Par Michel Rousseau (président de la Fondation Concorde)
Publié le 10 mars 2020 dans Les Echos
Notre industrie se délite en silence et dans l’indifférence depuis plusieurs décennies, ce qui s’est traduit par la disparition de la moitié de nos usines et un appauvrissement rapide de nos territoires. Les élus de bourgs et des petites communes de France en ont ressenti les conséquences économiques et sociales désastreuses. Les mouvements sociaux de ces derniers mois sont, au moins en partie, liés à cette dégradation.

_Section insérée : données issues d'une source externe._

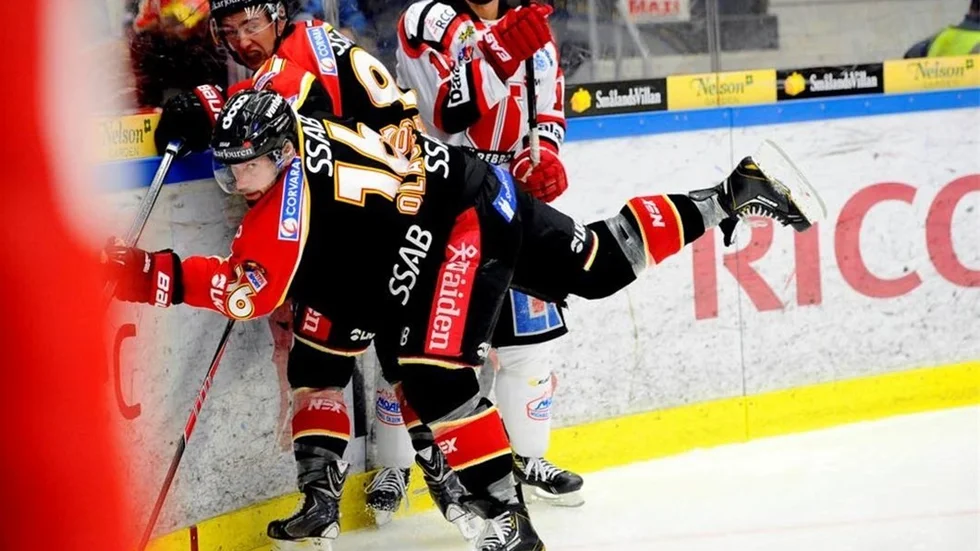 Luleåstjärnan Niklas Olausson kan komma att bli borta från spel i flera veckor.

Il existe sans doute plusieurs raisons à cet effondrement de notre système de production, mais la principale à nos yeux reste le différentiel du total des taxes et charges sur nos productions, supérieures d’environ 10,5% à celles de nos principaux concurrents et cela depuis près de 40 ans… avec les diverses conséquences néfastes que l’on connait (désertification des territoires, chômage, déficit commercial). Ces charges sont pour les industries légèrement supérieures à 70 milliards d’euros, telles qu’elles sont annoncées par diverses sources, sommes importantes, ce qui ne laisse pas entrevoir leur suppression rapide.
Réindustrialiser la France
Nos responsables n’ont aujourd’hui plus le choix : ils doivent soutenir d’urgence les industries et manufactures françaises. Seules, elles fixent les populations et irriguent les autres activités, dans la proportion de 75 % elles contribuent à notre commerce extérieur, elles maintiennent dans notre pays un niveau élevé de recherche et enfin, ces manufactures affichent en termes de productivité une performance trois fois supérieure à celles des autres secteurs !
Ces caractéristiques en font le facteur essentiel de croissance. Pendant des décennies, nos dirigeants nous ont opposés l’argument absurde que toutes les entreprises devaient être traitées sur un pied d’égalité, puis on nous a opposé que le Conseil constitutionnel et la Commission européenne ne permettraient pas l’adoption de mesures spécifiques pour redresser notre industrie, ce qui revenait à refuser le rétablissement de notre économie, pourtant attendu de tous côtés. Ces obstacles semblent désormais avoir été chassés par le bon sens.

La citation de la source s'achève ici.